[sdiy] Harmonic bandwidth
Magnus Danielson
magnus at rubidium.dyndns.org
Wed Jan 9 23:52:42 CET 2008
From: Donald Tillman <don at till.com>
Subject: Re: [sdiy] Harmonic bandwidth
Date: Wed, 09 Jan 2008 14:30:17 -0800
Message-ID: <m2sl168wee.fsf at till.com>
> > Date: Wed, 09 Jan 2008 09:45:33 -0700
> > From: Ian Fritz <ijfritz at comcast.net>
> >
> > Speaker dynamics: If you put a perfect sawtooth into a speaker
> > you would be asking for its displacement to change
> > instantaneously. If you rephased the harmonics then you would no
> > longer have this step. Of course you never have exactly this
> > situation, but the transient mechanical response of the speaker
> > to a step should be kept in mind. For this reason I think the
> > sawtooth does not make a very good test.
>
> Hey Ian,
>
> Not exactly; a speaker cone's acceleration is proportional to the
> input signal voltage.
No, it ain't. The current flowing through the coil might be it, but it is not
totally correct either. The electrical side of the coil is that it is both
resistive and inductive. The element itself experience mechanical issues due to
weight, resistance and there's resonance modes in the cones to help confuse
things. Then the speaker assembly creates various forms of nodes.

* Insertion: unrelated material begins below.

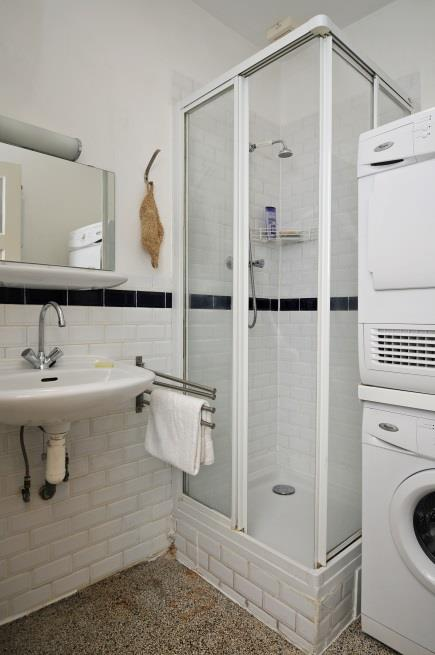 De eenvoudige badkamer is voorzien van een wastafel, een douche en hier is ook de wasmachine- en drogeraansluiting. De badkamer is gedeeltelijk betegeld met een witte tegel en een zwarte rand.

There are no simple model to use. If you look at the evolvingly more complex
models used in Thiel-Small and followers models and the way speakers have been
modeled and then it becomes clear that these things work backwards into the
electronic side of things, since the speaker after all is reciprocal.
So, the exact electrical condition is not accuratly described in that way.
A sawtooth is not very good test signal, but the step responce can to some
degree be found this way. Impulse responce is beast measured using the MLS
method. The classical MLS using MLSSA was quite nice, but a bit limited.
I have a MLSSA card sitting in the basement... got to check it out I guess.
There where a number of things to improve on the MLSSA software application.